Ethicists today cite six criteria that must be met for a war to be considered just. The cause itself must be just; the declaration of war must be made by a legitimate authority; the use of force must be proportional to the offense committed; there must be a reasonable hope of success; there must be right intention (not simply killing for its own sake); and force may only be used as a last resort. Despite their wide acceptance, the criteria are broad and thus can be subject to varying interpretations.
In 1945, in the aftermath of World War II, representatives of 51 states tried to codify guidelines for state interaction by forming the United Nations, hoping to end warfare altogether. According to the U.N. charter, which is still the primary source of international law, states may only legitimately take military action when approved by the U.N. Security Council, or in self-defense when under attack.
Lt. Watada argued that since the U.S. government signed the U.N. charter in 1945, it is part of American law. Whether or not Watada’s arguments ultimately prevail in court, they have come to represent a new channel of resistance to the Bush Doctrine and may force the issue of whether international law can or should be enforced by the U.S. justice system.
While Watada battles in court, lawyers and political theorists continue to debate whether a military first strike can ever be justified.
“Preventive war is kind of an explosive device in the current legal system because it totally knocks off the definition of legitimate self-defense,” said Ariel Colonomos, a specialist in international ethics at Sciences Politique, a Paris university. “The definition of preventive war is difficult if in the end you don’t see the difference between preventive war and offensive war.”
Many foreign policy experts agree that some form of first strike can be ethical, if not legal, when a state is threatened. However, they say there is a very real ethical difference between a preemptive strike, taken when an enemy is preparing to attack and the strike offers the last possible opportunity to protect the state, and a preventive one, meant to extinguish a threat that is not imminent. In the view of these experts, the U.S. invasion of Iraq would be considered a preventive war and is thus much harder to justify.
Speaking at a Pew Foundation symposium on Iraq in late 2002, author Michael Walzer said, “International lawyers and just war theorists have never looked with favor on this argument” for waging a preventive war against dangers that are “not only distant but speculative.” Distant dangers, said Walzer, “might be avoided by diplomacy” or others actions short of military attack.
There is no formal means of enforcement for the U.N. charter’s rules on war, so states that launch military actions are judged only in the court of international public opinion. In the end, the real power of international law may be akin to a battle for hearts and minds.

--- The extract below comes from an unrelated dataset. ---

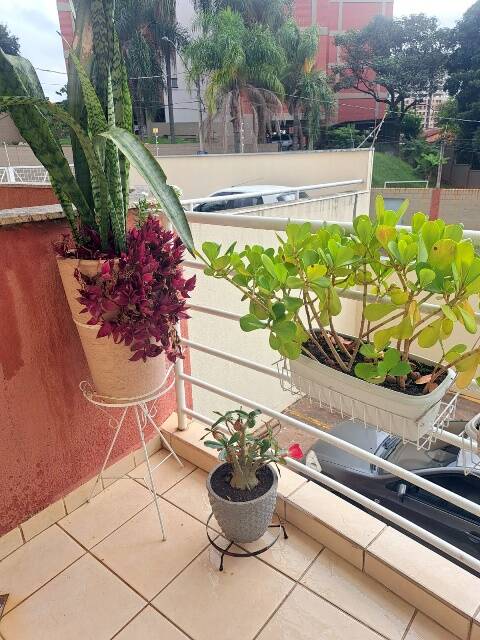 Apartamento, 3 quartos, 83 m² - Foto 5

And hearts and minds are much more difficult to win, as the Bush administration has found in Iraq. U.S. public support for the Iraq war has declined to an all-time low, with a March 2007 Gallup poll reporting that 59 per cent of Americans thought the U.S. “made a mistake in sending troops to Iraq.”
The ultimate impact of this decline in public support could play out in the coming months if the Bush Administration continues to try to build a case against Iran.
“Even if we did have smoking gun evidence with respect to Iran’s involvement in Iraq, very few people are going to believe that we didn’t fabricate that evidence under the circumstances,” said Jose Alvarez, director of the center on Global Legal Problems at Columbia University. “The costs of ignoring the law usually come home to roost over decades.”
Alvarez also says the Bush Doctrine could make the U.N. Security Council more reluctant to sanction any form of force, even if the cause is just.
“I think that one of the consequences of Iraq is to make it more difficult for humanitarian intervention to occur even in a sympathetic case like Rwanda,” he says. “And it’s going to be hard to press that button for unilateral action even in more sympathetic cases.”